Latin & Hellas

In association with the Latin & Hellas website, essays and commentary on general economic issues, globalization, and political economy, with a special focus on Mediterranean Europe and Latin America.

Monday, November 20, 2006

G20 2006 Summit – More Muddling Through

Not exactly the long called-for energy summit leading to a resolution of armed conflict, the G-20 meeting did release a communiqué (http://tinyurl.com/y3my49), one-fourth of which devoted to global energy and minerals markets.

In all fairness, the G-20 is an informal annual meeting of the finance ministers and central bankers of twenty of the world’s key countries – Canada, United States, Mexico, Brazil, Argentina, European Union, Germany, France, Italy, United Kingdom, Russia, Turkey, South Africa, Saudi Arabia, India, Indonesia, Japan, South Korea, China, and Australia – and not of the actual key “business” players around the world’s hot spots with decision-making powers to affect such a resolution.

Instead, we receive some useful information on what to expect on the global economic outlook in general, economic policy, energy policy, immigration policy, and several other issues: in short, more muddling through, onward with economic globalization.

I. Global Outlook

Along with the usual projections on economic growth rates, there are three noteworthy points.

First, finance ministers and central bankers recognize that free trade is still of fundamental importance to economic growth and globalization, protectionism needs to be avoided, and talks to extend trade must be revitalized.

Second, upward pressure on inflation continues and inflation rates in many G-20 countries will remain stable at current levels or increase, implying steady or increasing interest rates going forward.

Third, we can expect further immigration flows from developing countries with young populations to countries of early industrialization with aging populations.

II. Global Energy And Minerals Markets

In short, the path to long-term energy security for this set of policy-makers is to let price signals, i.e. free market forces, and domestic and international competition to determine investment and research in the effort to increase supplies as global demand for energy and minerals commodities is set to increase significantly over the coming decades, driven by a strong world economy, rising incomes, and ongoing industrialization and urbanization in many economies.
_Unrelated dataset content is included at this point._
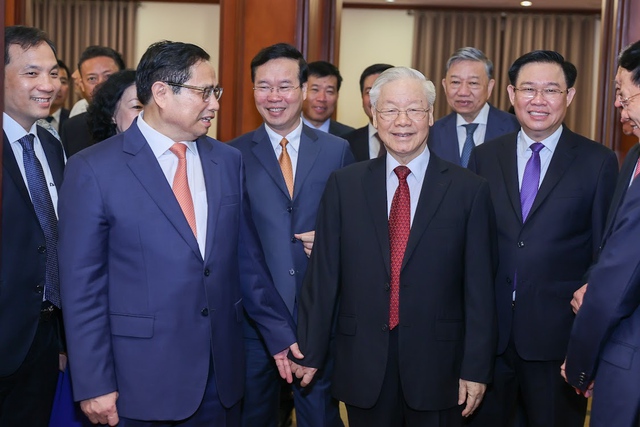 Chùm ảnh: Bế mạc Hội nghị Trung ương giữa nhiệm kỳ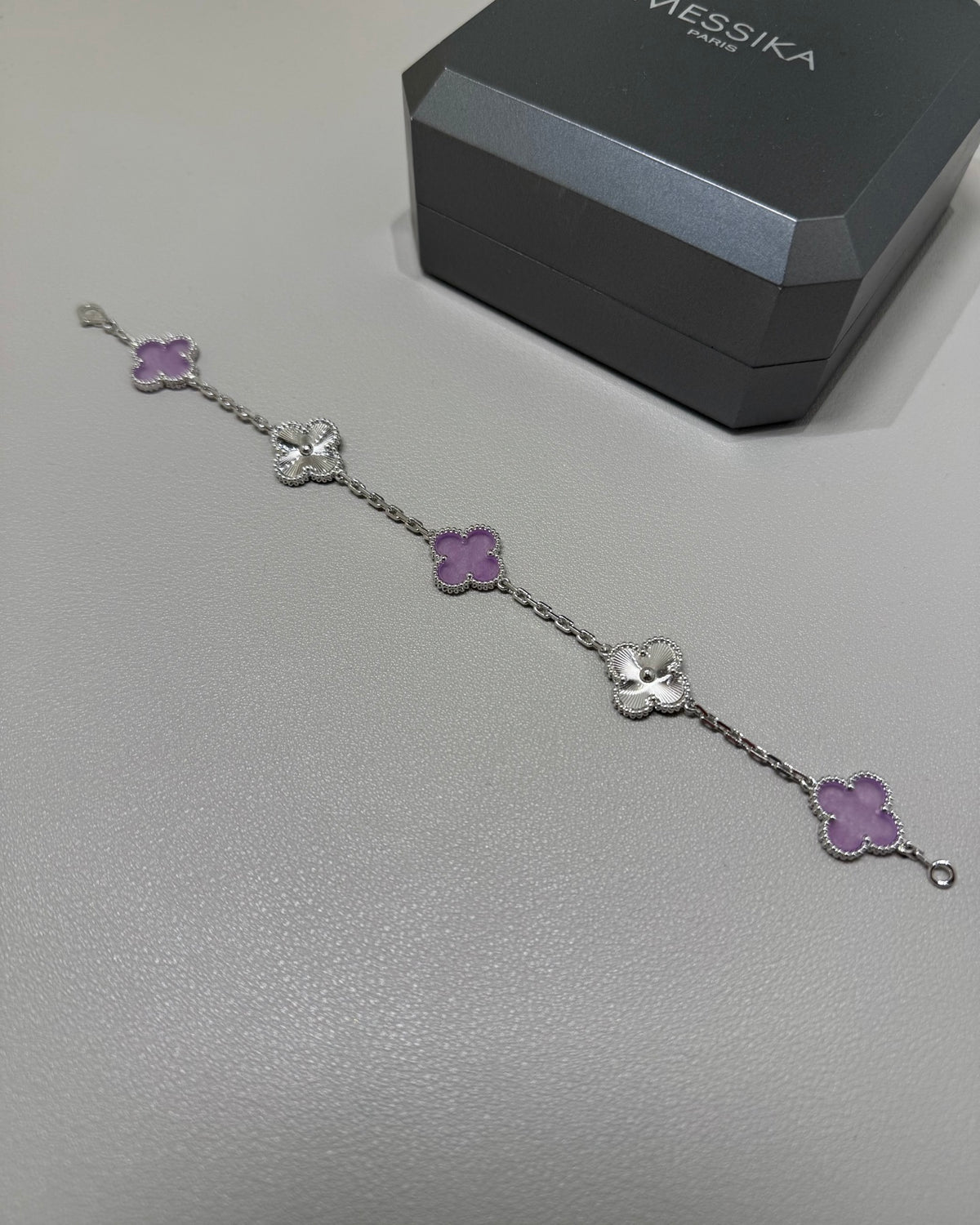 [RARE SALE] 18K White Gold Plated, Alhambra Bracelet, Charoite, Yellow Gold 5 motifs 19 cm, with VCA Box Set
In this context, cooperation means domestic policy coordination to favor investment, expanding global trade, and efficient management of both private and state-owned energy production firms. Well-functioning markets, they argue, will support investment in new supply, generate efficiency and new technologies, encouraging the use of renewable and alternative energy sources, and allow knowledge and resources to flow.

Two further points to note in this regard: 1) the recent new energy law in the US is a hodgepodge of subsidies for a far-flung array of initiatives; 2) The Economist recently ran a special report (http://tinyurl.com/ydfvjp) on such initiatives and the dubiousness of subsidies to support them: take away the subsidies, and many of these initiatives are simply not viable.

The conclusion is that we are going to muddle along for the foreseeable future with a mix of conventional fossil fuels and investment in increasing their supply, amidst armed conflict or the threat of it in several regions where such supplies are abundant but probably peaking, nuclear, coal, renewable (hydroelectric, solar, wind, waste) and alternative sources, all the while hoping for technological breakthroughs, and that policy-makers are satisfied with that.

III. Demographic Change

In terms of demographic trends, countries of early industrialization and many developing countries are moving in opposite directions, so we can expect current migration trends to continue. In this context, the G-20 recommendation is to focus policy adjustment on financial markets and further aspects of labor mobility.

As mentioned in the previous post, the function of financial markets is to facilitate the movement of goods through space and time, assuming efficient energy, storage, and transportation. This also means, according to the G-20 communiqué, emphasizing to people, especially in the early industrialized countries, the need to be aware of their retirement income needs and that international policy and financial flows with respect to migrant labor remittances, pension payments, and healthcare payments must be flexible, low-cost, and efficient.

In conclusion, do not expect the new US Congress to pass a strict new immigration law, if any. Do expect a continuation of the shift in the burden of pension and health expenses from US corporations to individuals privately. At the same time, also expect inflation to continue to devalue government pension payments and healthcare payments, accompanied by a general lower quality of healthcare in both the US and Europe, on the one hand, while the citizens of developing countries start to receive some kind of pension and healthcare benefits from their governments: in short, the two sides are slowly converging towards a mediocre middle somewhere; there are simply not enough resources to go around to provide everyone with a top quality education, healthcare, and pension.

IV. Several Other Issues

The communiqué also had sections on reforming the IMF and the World Bank, advancing growth-oriented domestic economic reform within member countries, aid commitments and effectiveness, exchange of tax information, sovereign borrower/private-sector relations, and money laundering and terrorist and illicit financing. Of these, probably the most important are the exchange of tax information and money laundering and terrorist and illicit financing, for various reasons.